It seems likely that the House Intelligence Committee will soon #ReleaseTheMemo. According to press reports, the memo claims that the FISA application to monitor Trump campaign advisor Carter Page included information sourced from former British intelligence officer Christopher Steele "without adequately explaining to the judge that Democrats financed Mr. Steele's research."

This is a scandal, the argument runs, because it means the application was fraudulent. Because Steele was funded by Democrats, his reports were just unreliable opposition research designed to make Trump and his associates look bad. And if the FISA application was based on Steele's unreliable research, and DOJ never told that to the FISA Court, then DOJ misled the court and the court should not have issued the warrant.

As a Fourth Amendment nerd, it seems to me that the premise of #ReleaseTheMemo is pretty dubious. The apparent idea is that the failure to adequately document the funding behind Steele's work is a huge deal and a fraud on the court. But as a matter of law, that seems pretty unlikely to me. When federal judges have faced similar claims in litigation, they have mostly rejected them out of hand. And when courts have been receptive to such claims, it has been because of specific facts that are likely outside the scope of the memo that will be released.

Here's the context. It turns out that there is lots of litigation on whether warrant applications need to discuss the bias of informants. Franks v. Delaware allows a criminal defendant to challenge a search warrant by arguing that the statement of probable cause that supported the warrants was fatally flawed. Maybe the officer who swore out the affidavit was lying about the basis for probable cause. Or maybe he recklessly included facts that he should have known were false. Or maybe–as is particularly relevant here–he intentionally or recklessly failed to include facts that the judge needed to know in order to pass on whether there was probable cause. Under Franks, a court will void a search warrant if the defendant can establish that the officer who swore out the warrant "knowingly and intentionally, or with reckless disregard for the truth" either included information that was false or excluded information that was true when that information was critical to the probable cause determination.

Franks generates a lot of cases on informant bias. They typically run something like this. The government will get a warrant based in part on the statements or claims of an informant. The affidavit won't give specific reasons to doubt that the informant is credible.
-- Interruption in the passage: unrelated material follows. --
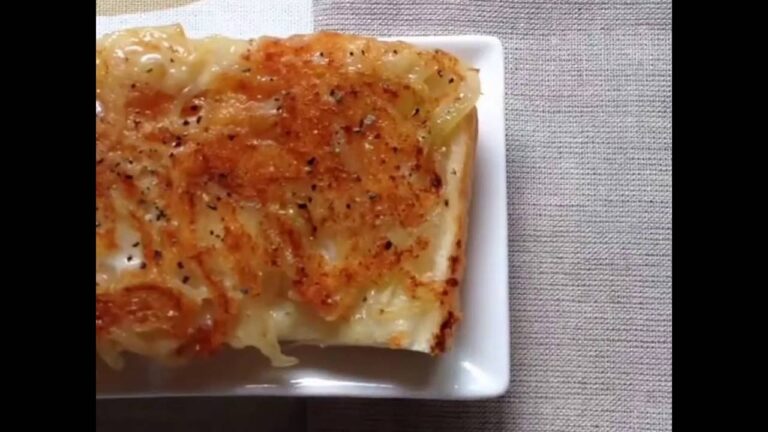 玉ねぎたっぷりチーズオニオントースト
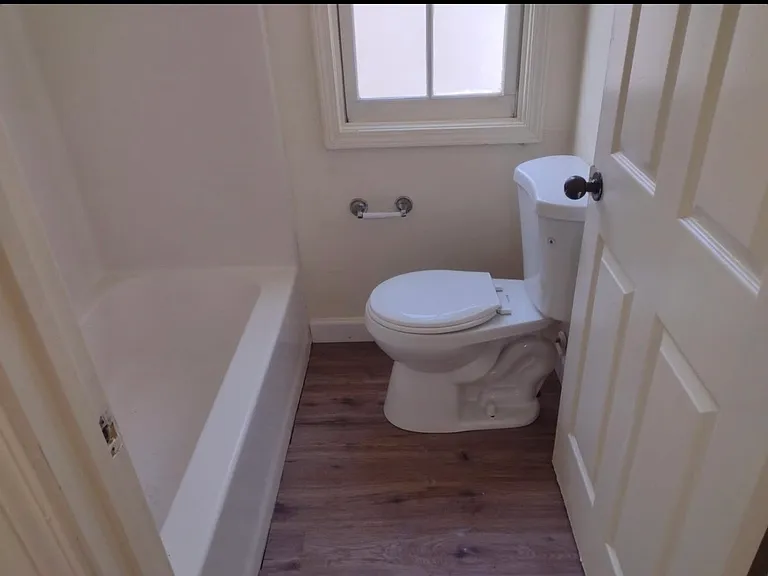 39 America St — Photo 2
Down the road, the warrant will be challenged on the ground that the affidavit failed to tell the judge of good reasons to think the informant was biased and unreliable. Maybe the informant was facing criminal charges and had every incentive to manufacture evidence that others were involved in crimes to strike a better deal for himself. Maybe the informant was the suspect's estranged spouse in the middle of a bitter divorce battle, and she was trying to get him arrested to help get custody of the kids. In each of the cases, the defendant claims that the warrant should be voided because the government failed to disclose the informant's bias. If the government hadn't misled the court, the argument runs, no warrant would have issued because the judge would have seen that the informant could not be trusted.

How has this argument fared? It depends on the case. Most of the time, though, it hasn't fared very well.

Part of the problem is that judges figure that of course informants are often biased. Informants usually have ulterior motives, and judges don't need to be told that. A helpful case is United States v. Strifler, 851 F.2d 1197, 1201 (9th Cir. 1988), in which the government obtained a warrant to search a house for a meth lab inside. Probable cause was based largely on a confidential informant who told the police that he had not only seen a meth lab in the house but had even helped others to try to manufacture meth there. The magistrate judge issued the warrant based on the informant's detailed tip. The search was successful and charges followed.

The defendants challenged the warrant on the ground that the affidavit had failed to mention the remarkable ulterior motives of the informant. The affidavit didn't mention that the "informant" was actually a married couple that had been in a quarrel with the defendants; that the couple was facing criminal charges themselves and had been "guaranteed by the prosecutor that they would not be prosecuted if they provided information"; and that they had been paid by the government for giving the information. The affidavit didn't mention any of that. A big deal, right?

According to the court, no. "It would have to be a very naive magistrate who would suppose that a confidential informant would drop in off the street with such detailed evidence and not have an ulterior motive," Judge Noonan wrote. "The magistrate would naturally have assumed that the informant was not a disinterested citizen." The fact that the magistrate wasn't told that the "informant" was guaranteed to go free and paid for the information didn't matter, as "the magistrate was given reason to think the informant knew a good deal about what was going on" inside the house.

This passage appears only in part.